I'm just curious. I don't have plans to homeschool anybody.
re: Rush
Sitting here chuckling! :)
Re: Languages
Hm.....When I think about it, learning a foreign language is when I began to understand the structure of English.
it’s pretty much useless to start a child’s education before the age of 8 - 10.
Useless? Keep in sync, and that means starting at age 4 for many things. Anything less is dumbing down.
:)
I have a hard time understanding what you believe here. What exactly do you mean by "child's education." Their education begins before they are out of the womb.
Read the book.

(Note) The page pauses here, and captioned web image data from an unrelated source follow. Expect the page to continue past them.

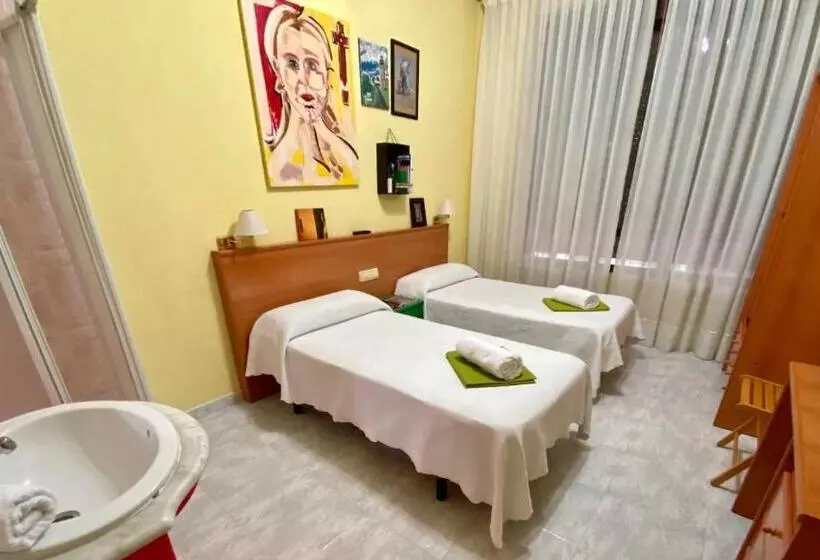 اتاق استاندارد با سرویس بهداشتی مشترک, Hostal Alvarez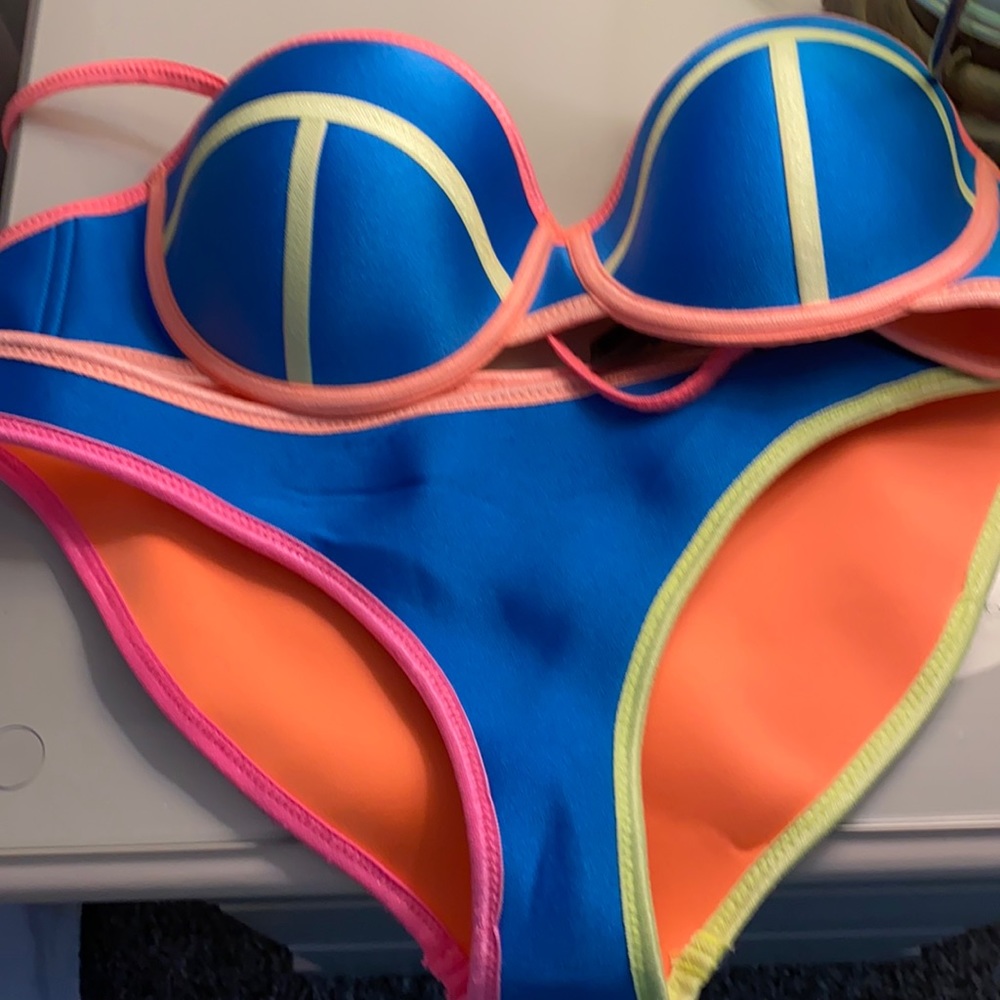 Triangl women’s bathing suit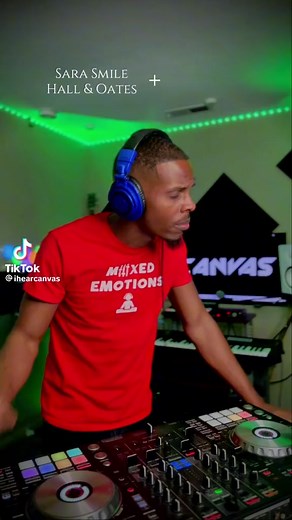 The best of #HallandOatesTok continues with @C A N V A $. Groove to this mashup. #hallandoates #sarasmile #jericho #iniko #mashup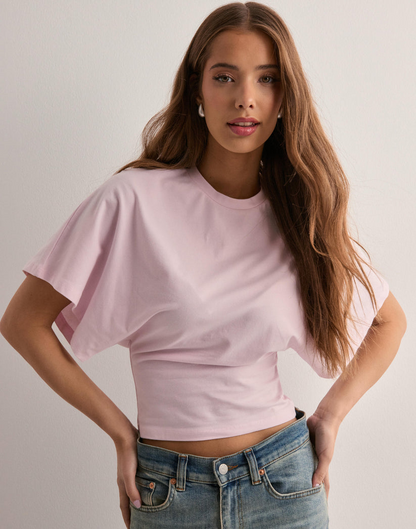 Luna | Trendy T-shirt with wide sleeves
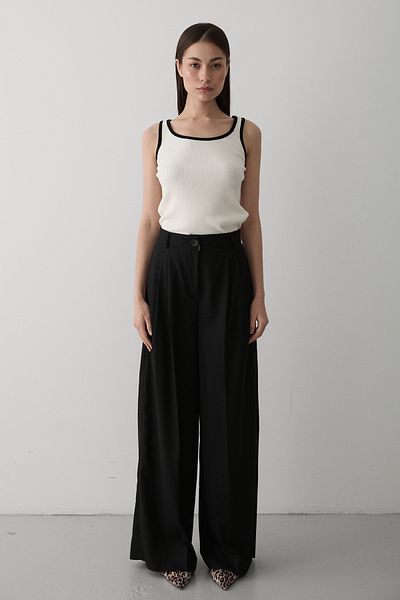 Laluvia Black Pleated Wide Leg Trousers - 3602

It explains why.
They have found that starting kids at 4-5 does not provide any educational development advantage over waiting until the child’s nervous system is mylenated.
They have compared the kids started early and the kids started later and found that by age 10 or so, they are at the same level. So you can force kids to endure school for several years as little kids or wait until they arem more mature and spend only a year or two for them to end up at the same place. Meanwhile, one group of kids has lost their childhood of palying and exploring and learning life’s practical skills by being forced into tedious book learning.
Nor did I say not to teach them anything. It’s formal book learning that doesn’t need to be started so young because of the nervous system maturation.
And some kids will learn to read early anyways. Parents are certainly more than capable of teaching basic life skills if they simeply spend time with them and reading to them.
Why are you talking to yourself?
Or did you forget which account you were using?????
What book is this from?
So now it’s formal learning, not education. OK.
As far as keeping up with natural growth and development, language acquisition is before age 8 and 10. It’s very powerful at age 3 and 4, when they sit on their parent’s lap.
Psychomotor development is later, to be sure, but not for all. Gifted students need challenges sooner than the norm.
And for those who like a competetive edge, time is sparse. The advantage is to those who get there sooner.
Google tells me “Myelination is a fundamental physiologic process within the sequence of human brain maturation, which begins in the second trimester of pregnancy and continues for several postnatal years.” They could be wrong.
Anyhow, be sure to them Mozart in the womb, it makes them happy.
No, not *now it’s formal learning/education*. It’s always been their contention that it’s formal book learning/education.
Reread post 37 amd most of your questions will be answered.
I don’t know what the bee in your bonnet is about, but read the book and you will learn.
You’re nasty for a Christian.
“The best advice is to teach your child to read when they are ready, regardless of how young or old they may be.” That’s from the book.
Many string players also begin quite early, so that’s a different school of thought.
...and yet the ideas of educators would have you believe that the earlier the better. Hence the attempt to move Pre-K.
Sounds more like propaganda and desire for control than what might be called learning.